Thereafter, an appropriate amount of “DT-2R” diluted with water (1: 9) is added to the developer, the conductivity is adjusted to 39 mS / cm, and a lithographic printing plate precursor in which a test pattern is drawn in an image as before. Developed. Further, the electrical conductivity was increased by 2 mS / cm, and this operation was continued until a film loss due to image development was observed remarkably.

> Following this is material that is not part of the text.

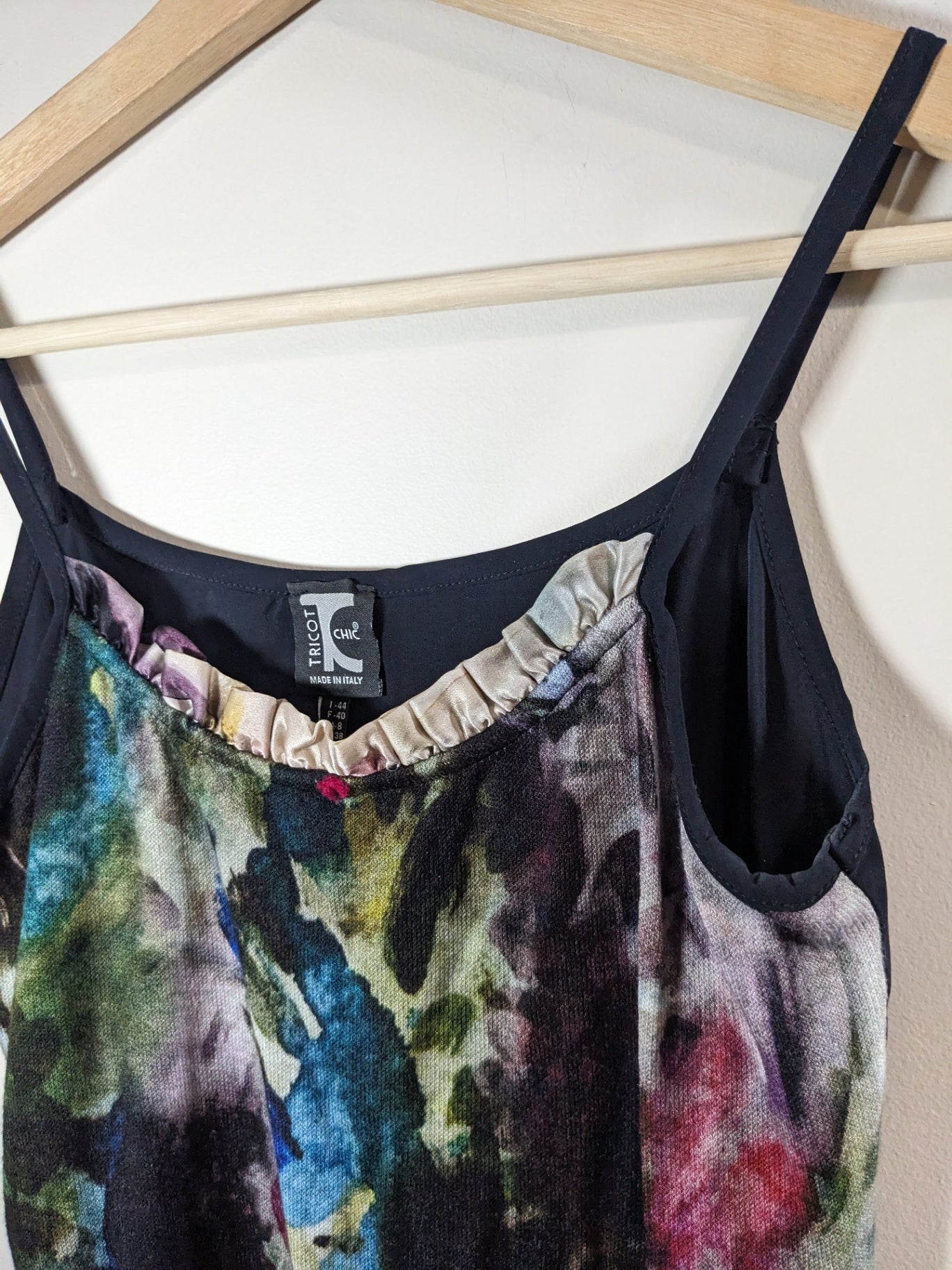 Tricot Chic Floral Tank Top - Sz 8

In the developed plates of Examples and Comparative Examples after development, the plates developed with each conductivity were checked with a magnifier of 50 times to see whether there was any stain or coloring due to poorly developed non-image area residual film. The conductivity of the developer that could be developed was determined. Next, the conductivity at which the developed film does not decrease in the unexposed area, specifically, the image density of the solid area before development is measured with a GRETAG reflection densitometer D196 (manufactured by GretagMacbeth), and 0 is determined from this image density. The electric conductivity of the developer having a solid portion having an image density of 10 or more was determined.
The development latitude was defined as the conductivity range of the developer that was able to be developed satisfactorily and the limit of conductivity at which the decrease in the developed film was maintained. The results are shown in Table 2.

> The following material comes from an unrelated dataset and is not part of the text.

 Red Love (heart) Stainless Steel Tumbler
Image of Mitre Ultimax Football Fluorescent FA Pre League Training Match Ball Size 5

  As shown in Table 2, the planographic printing plate precursors of Examples having an overcoat layer containing a specific polymer can be recorded with high sensitivity in comparison with the planographic printing plate precursors of Comparative Examples 1 and 2. It can be seen that the development latitude is also excellent.

Claims (2)

On the support, a positive image recording layer containing a water-insoluble and alkali-soluble resin and an infrared absorber, and an overcoat layer containing a polymer represented by the following general formula (I) are provided in this order. A lithographic printing plate precursor characterized by.

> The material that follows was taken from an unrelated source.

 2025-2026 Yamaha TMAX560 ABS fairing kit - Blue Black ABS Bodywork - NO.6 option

[In General Formula (I), R ¹ represents a hydrogen atom or a substituted or unsubstituted alkyl group having 1 to 6 carbon atoms. R ² represents a substituted or unsubstituted aliphatic group having an epoxy group. L ¹ represents a single bond or a divalent linking group. R ³ represents a hydrogen atom or a substituted or unsubstituted alkyl group having 1 to 3 carbon atoms. R ⁴ represents a hydrogen atom or an alkyl group having 1 to 3 carbon atoms. L ² represents a divalent linking group. l represents 5-90 mass%. m represents 3-80 mass%. n represents an integer of 1 to 20. ]   The positive image recording layer contains at least two water-insoluble and alkali-soluble resins, and has a phase separation structure with the at least two water-insoluble and alkali-soluble resins. A lithographic printing plate precursor.